Thank you Dan for weighing in, this is very valuable feedback, and I shall be sure to bring this up in our future team discussions internally :slight_smile:

Converting to TFJS is a notoriously frustrating process. I once had a model with the following operation which crashed during inference:

x = 1 - x

Wrapping it in a separate layer solved the problem:

class OneMinus(keras.layers.Layer):
    def call(self, x):
        return 1 - x

The moral is, it’s usually possible to get what you want if you have fine control over the Tensorflow model. That is not the case when the model is converted from onnx, though.

If your source model is in Pytorch, you might want to take a look at Nobuco library. It should be flexible enough to let you fix the possible problems.

Thanks for the feedback and welcome to the TF forum Lex!

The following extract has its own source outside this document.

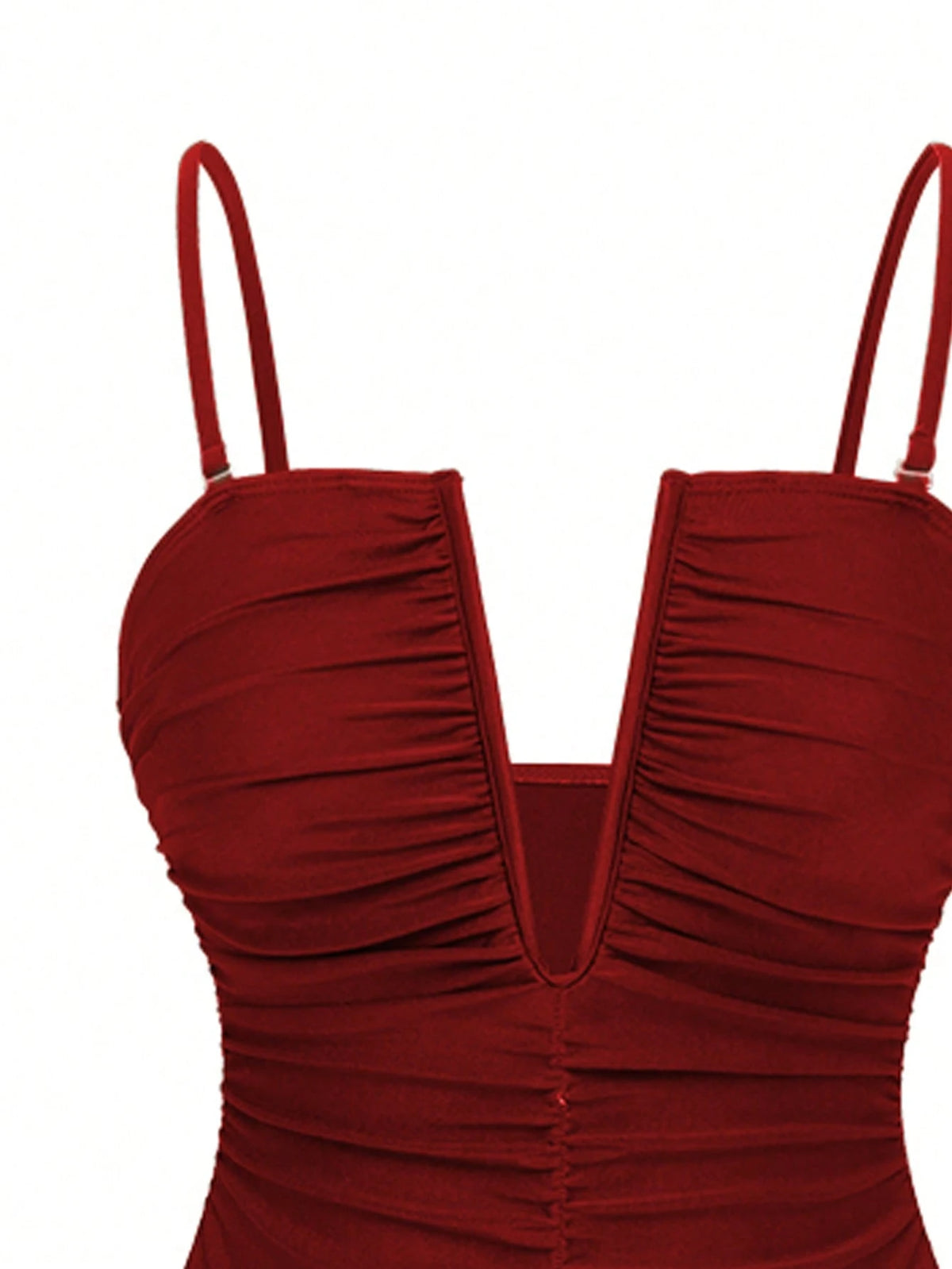 Swim Oasis 2pcs/Set Sexy Solid Color V-Neck Ruched Spaghetti Strap Bandeau One-Piece Swimsuit & Front Twist Slit Beach Dress Set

I am trying to convert this model GitHub - Megvii-BaseDetection/YOLOX at bb9185c095dfd7a8015a1b82f3e9a065090860b8

It just wouldn’t get the right numbers after running it in tfjs, I think pth->onnx->tf->tfjs is too many steps and something may be missed along the way.

1 Like

Thank you for sharing, indeed it is known to be tricky to go from Pytorch to TensorFlow via onnx. Have passed this on to the team.

1 Like

Currently I am just using onnx runtime, which works in node js and the browser, but it is far more convenient to have it in tfjs, as it works pretty well for the pre/post-processing steps, which onnxruntimes can not do.